» **Problem**: Look through the records and copy each line with the string "Black" in it.

» **Data in this exercise**:
== Segment start ==

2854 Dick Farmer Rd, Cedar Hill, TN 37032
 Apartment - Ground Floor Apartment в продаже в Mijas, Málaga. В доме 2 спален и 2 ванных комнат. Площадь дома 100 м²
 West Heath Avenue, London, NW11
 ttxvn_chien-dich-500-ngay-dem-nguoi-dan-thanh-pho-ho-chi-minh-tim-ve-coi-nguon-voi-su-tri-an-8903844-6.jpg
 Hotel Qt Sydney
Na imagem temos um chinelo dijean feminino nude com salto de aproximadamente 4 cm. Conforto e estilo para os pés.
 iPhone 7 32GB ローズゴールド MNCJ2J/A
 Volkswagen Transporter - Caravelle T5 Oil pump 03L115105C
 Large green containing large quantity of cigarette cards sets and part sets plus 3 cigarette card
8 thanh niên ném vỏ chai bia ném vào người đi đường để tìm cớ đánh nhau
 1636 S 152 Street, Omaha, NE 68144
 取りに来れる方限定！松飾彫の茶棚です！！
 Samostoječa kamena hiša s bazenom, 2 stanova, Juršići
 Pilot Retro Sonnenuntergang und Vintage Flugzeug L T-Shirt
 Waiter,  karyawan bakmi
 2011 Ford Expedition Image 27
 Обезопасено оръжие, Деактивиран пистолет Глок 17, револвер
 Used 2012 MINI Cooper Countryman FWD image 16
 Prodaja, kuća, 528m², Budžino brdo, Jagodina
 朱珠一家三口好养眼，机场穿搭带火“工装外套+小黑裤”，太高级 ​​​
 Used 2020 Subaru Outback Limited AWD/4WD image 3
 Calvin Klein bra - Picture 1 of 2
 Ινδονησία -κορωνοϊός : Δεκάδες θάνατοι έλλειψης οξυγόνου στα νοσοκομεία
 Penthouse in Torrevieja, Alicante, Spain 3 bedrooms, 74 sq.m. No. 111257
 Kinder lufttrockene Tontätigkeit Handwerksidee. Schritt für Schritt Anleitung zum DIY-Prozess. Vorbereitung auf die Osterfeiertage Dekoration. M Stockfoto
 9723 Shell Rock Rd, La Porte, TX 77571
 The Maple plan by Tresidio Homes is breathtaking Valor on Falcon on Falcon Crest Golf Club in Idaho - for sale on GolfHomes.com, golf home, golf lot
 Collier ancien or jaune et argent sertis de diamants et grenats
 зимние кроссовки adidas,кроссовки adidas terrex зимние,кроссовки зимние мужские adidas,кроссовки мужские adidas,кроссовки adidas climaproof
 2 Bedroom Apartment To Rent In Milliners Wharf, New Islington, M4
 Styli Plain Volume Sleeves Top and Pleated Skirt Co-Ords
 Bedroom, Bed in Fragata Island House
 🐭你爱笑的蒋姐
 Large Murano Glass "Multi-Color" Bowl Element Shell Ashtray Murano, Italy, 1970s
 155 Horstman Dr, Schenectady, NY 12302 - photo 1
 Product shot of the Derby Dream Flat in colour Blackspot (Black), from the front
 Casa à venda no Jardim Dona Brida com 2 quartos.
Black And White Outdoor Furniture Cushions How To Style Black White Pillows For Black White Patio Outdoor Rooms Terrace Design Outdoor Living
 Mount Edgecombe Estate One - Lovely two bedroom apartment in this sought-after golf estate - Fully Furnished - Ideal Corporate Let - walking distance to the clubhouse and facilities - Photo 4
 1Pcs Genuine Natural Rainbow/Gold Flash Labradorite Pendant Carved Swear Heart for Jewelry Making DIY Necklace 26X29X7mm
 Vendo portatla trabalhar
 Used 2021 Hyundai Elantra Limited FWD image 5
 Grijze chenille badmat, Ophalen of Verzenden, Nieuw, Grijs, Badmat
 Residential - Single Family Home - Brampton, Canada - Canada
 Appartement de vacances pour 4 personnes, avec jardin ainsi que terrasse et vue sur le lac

== Segment end ==

» **Answer below**:
 Product shot of the Derby Dream Flat in colour Blackspot (Black), from the front
Black And White Outdoor Furniture Cushions How To Style Black White Pillows For Black White Patio Outdoor Rooms Terrace Design Outdoor Living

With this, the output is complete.